In June, newly listed homes grew by 5.5% on a year-over-year basis, and by 10.9% on a month-over-month basis. Typically, fewer newly listed homes appear on the market in the month of June compared to May. This year, growth in new listings is continuing later into the summer season, a welcome sign for a tight housing market. However, newly listed homes are still down 14.4% from the typical rate of newly listed homes in 2017 to 2019.
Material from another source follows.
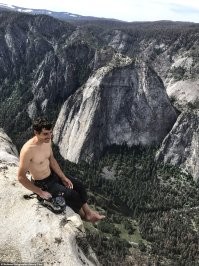 Вот так он и поднимался... Free solo - свободный одиночный называется. Есть такой документальный фильм.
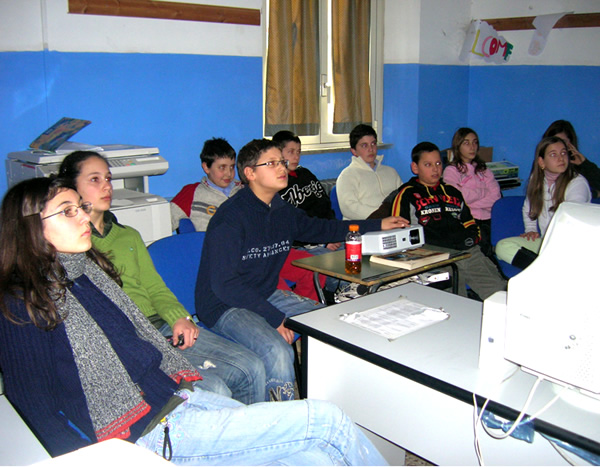 La classe 2007-2010, con Sonia e Cecilia della 2005-2008, durante la preparazione della visita a Villa Adriana del 15 maggio 2008.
The inventory of homes actively for sale in the 50 largest U.S. metros overall decreased by 40.5% over last year in June, a slowdown in the rate of decline compared to last month’s 49.4% decrease. Regionally, the inventory of homes in southern metros is still showing the largest year-over-year decline. Large southern metros are also seeing the lowest growth in newly listed homes (+4.6%), on average, compared to last year, while newly listed homes in large metros in the Midwest, West, and Northeast, were growing by 19.6%, 18.4%, and 9.9% year-over-year, respectively. In both May and June this year, large Southern metros have not seen many more new listings than the same time last year, which were lower in the South in 2020 much like they were in other regions. By comparison, other regions are either approaching or have reached normal levels seen between 2017 and 2019.
Markets that are seeing the largest year-over-year growth in newly listed homes include Milwaukee (+44.7%), San Jose (+40.7%), and Cleveland (+37.9%). Markets that are still seeing a decline in newly listed homes compared to last year include southern metros such as Nashville (-24.2%), Raleigh (-21.4%), and Miami (-7.8%).